Do you like to make predictions and forget when you were wrong but boast about the ones you were right about?
Do you have beliefs about what politician or political party is better, global warming, what can you achieve ( or not ) in this world, how much people like you ( or don't) and feel that you are RIGHT?
Well: bad news! You suffer from confirmation biases.
GOOD NEWS: WE ALL DO!
( "relative good news" maybe?)
So what is this confirmation bias I talk about?!?
From Wikipedia:
Confirmation bias, also called confirmatory bias or myside bias, is the tendency to search for, interpret, favor, and recall information in a way that confirms one's preexisting beliefs or hypotheses.

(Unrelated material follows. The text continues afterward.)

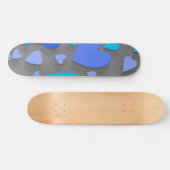 Papierherz 4 skateboard (Horizontal)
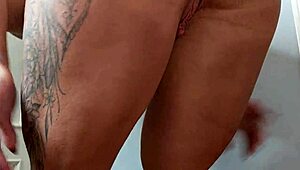 Breaking my pussy and horny squirting trailer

You see, the human mind is a very faulty machine that produces countless biases and misfires. The spookiest thing is that you don't even know. I know I don't! I walk around thinking I'm in control of my thoughts and actions and using my "rationality!" to deal with situations in the best possible way I can. No way my brain is fooling me into thinking this.
Oh wait! It totally does.
I recommend reading [this article[(https://www.lesswrong.com/posts/xLm9mgJRPvmPGpo7Q/the-cognitive-science-of-rationality) as it's a great introduction to all this if you did not read much about it so far. Then "Predictably irrational" book is a MUST in my opinion.
Anyway, what happens is that we love to be right!
I was reading an article today about an issue and I was very much in agreement with whatever that person was saying. Oh yes, I think so too! Oh yeah, mmm, so I am right! At the end of the article I was ready to ninja-send it to all my friends and enemies with a subtitle of "AHA!!" and a very satisfied grin emoji. Then I stopped.
Oh fuck! My confirmation bias is flaring up. Seriously, the sweet music of being content with myself is so alluring, a siren call to abandon all rationality and just munch on this sweet sweet nectar of "being right". Seriously, articles like those are like crack-cocaine for me.
Well, time to do the opposite and read some stupid comments that disagree with the article and a few articles that disagree with the author and see what happens.
A simple instruction to "think about alternatives" can promote resistance to overconfidence and confirmation bias. In one study, subjects asked to generate their own hypotheses are more responsive to their accuracy than subjects asked to choose from among pre-picked hypotheses.16 Another study required subjects to list reasons for and against each of the possible answers to each question on a quiz prior to choosing an answer and assessing the probability of its being correct. This process resulted in more accurate confidence judgments relative to a control group.17
It seems that it's a good strategy! Now this doesn't mean that you are never right or that whenever you are right you are fooling yourself. But you need to trust yourself a little less than you are ready to do.
And remember when something confirms too many of your beliefs, you're probably editing stuff out.
Take the blindfold of..or just munch on the NECTAR. That's an option to!